# Push Pole Preference



## CapFear (Aug 9, 2010)

I used to have the Cabelas graphite push pole in the 18 foot size. The pole was great in that it was durable, light, and economical (think it only cost me around 250 or so shipped). The down side though was that after about a year and a half of use I would come home from fishing and my hands would feel super raw. After a few more trips they were itching. I figured out that the clear coat had worn away from use and the graphite was wearing off on my hands. Wondering if anyone has owned a similar graphite push pole over time that has not splintered like this on them. Specifically, I am looking at the TFO one and the 329 dollar one that Carbon Marine makes. Your help is appreciated. 

Oh, and the PVC/bamboo home made backwoods stuff isn't an option--just wanted to throw that out to avoid that can of worms. Aluminum won't do either.


----------



## Gramps (Nov 1, 2007)

The clear coat wearing off & poles starting to shed glass is not unheard of in "high end" poles, ie Stiffy's. But that is typically due constant exposure to sunlight (ie stored outside uncovered) or frequenlty used hard (guides).

I had one of the TFO pushpoles from Carbon Marine, which is also same one for sale at $329, and was happy with it.  It was multi-piece which I don't like and kind of flexy? but for the price it was a great light & responsive pushpole.


----------



## CapFear (Aug 9, 2010)

Wait, so TFO and carbon marine is the same push pole? I see it for sale at MadRiverOutfitters for 280. http://www.madriveroutfitters.com/pc-4987-186-tfomangrove-push-poles.aspx 

So, I can get the same one at Carbon Marine for 50 bucks more? http://shop.carbonmarine.com/


----------



## jboriol (Jan 2, 2010)

Carbon marine is assembled and delivered. Cant say much on tfo pole but carbon marine is top notch.


----------



## Jigalode (Sep 23, 2010)

I'm also in the market for a new push pole. The guy I bought my boat from also included his 17' aluminum one but it's too short for my liking.
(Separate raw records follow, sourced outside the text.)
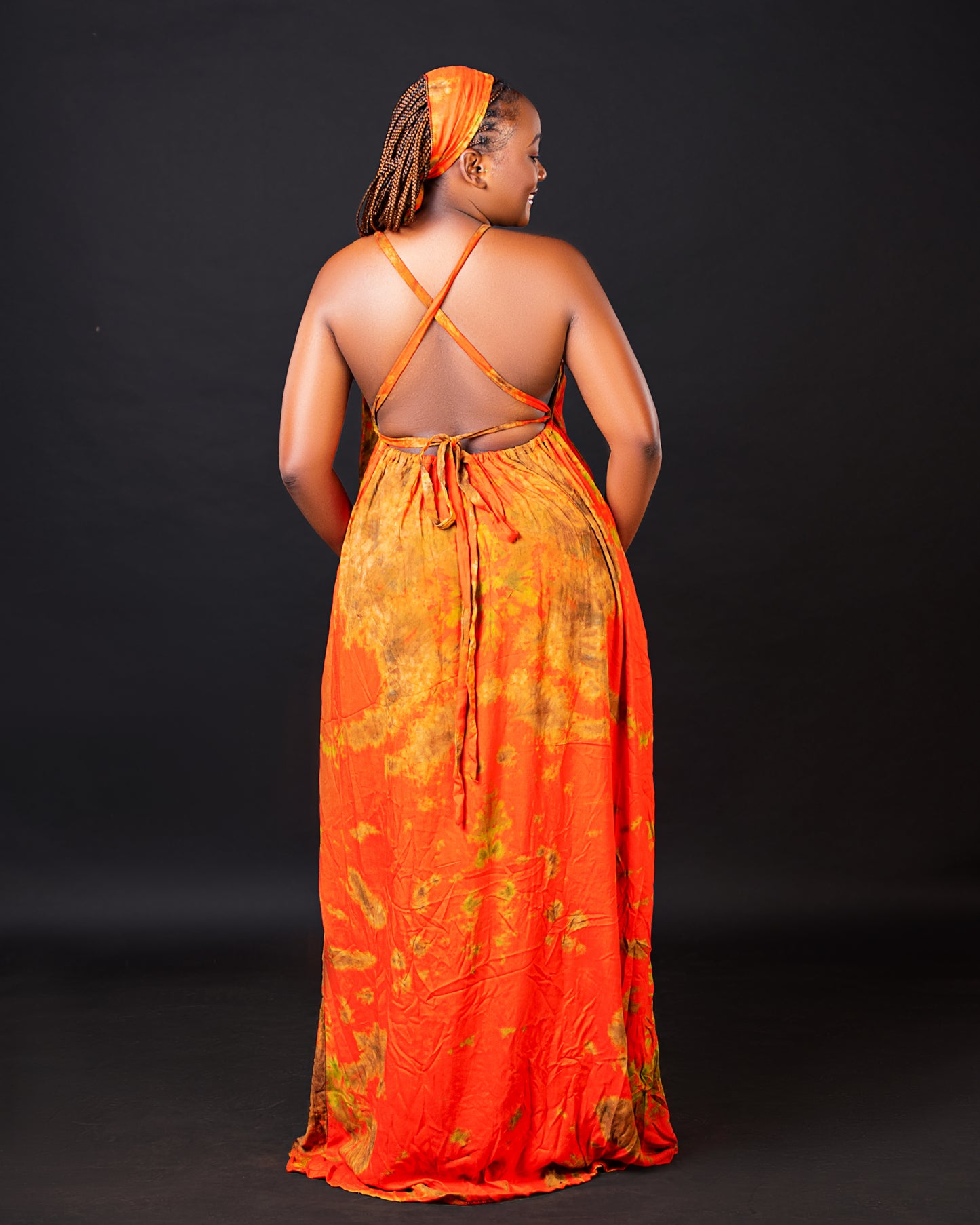 Zia Backless Maxi Dress | with in built boob support and head wrap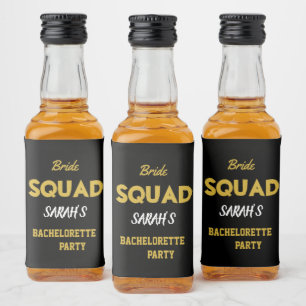 Modern Black Gold Bachelorette Party Favour  Liquor Bottle Label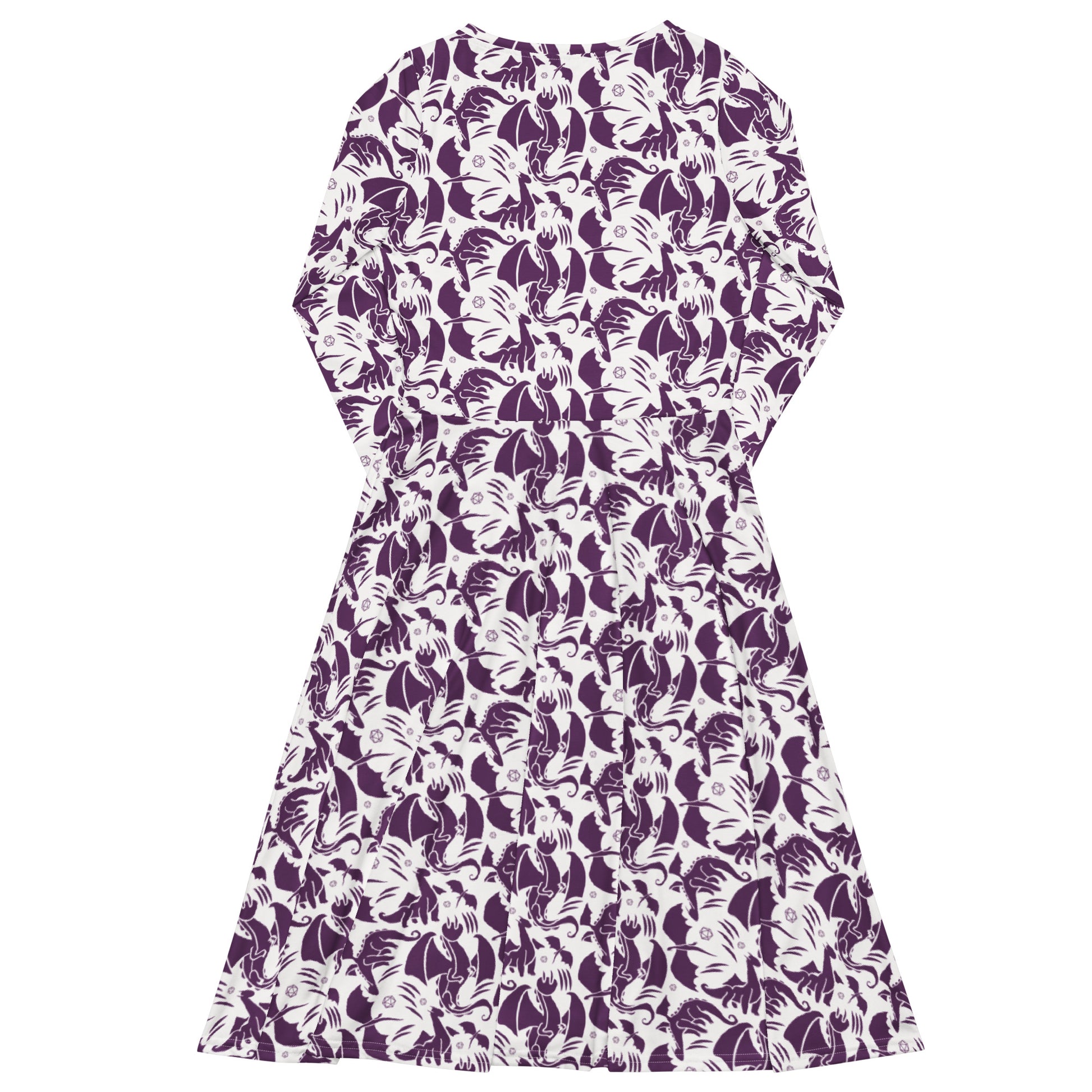 Dnd Purple Dragons Long Sleeve Midi Dress 8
After looking around for some time I found both a 20' fiberglass stiffy push pole & 20' fiberglass moonlighter push pole at local shops down here in Miami for $300 each. I decided on the stiffy and will be picking it up this weekend. I was considering the TFO but would much rather have a one piece for the price.


----------



## paint it black (Nov 3, 2007)

I Highly suggest you check out the Loop push poles that carbon marine makes. 
I got mine from Joe last year and love it. 
I used to be die hard biscayne rod push poles. 
I literally live shouting distance to biscayne rods. 

A couple of my buddies had made the switch from biscayne to loop and after using theirs trip after trip, it was a must to get one for myself. 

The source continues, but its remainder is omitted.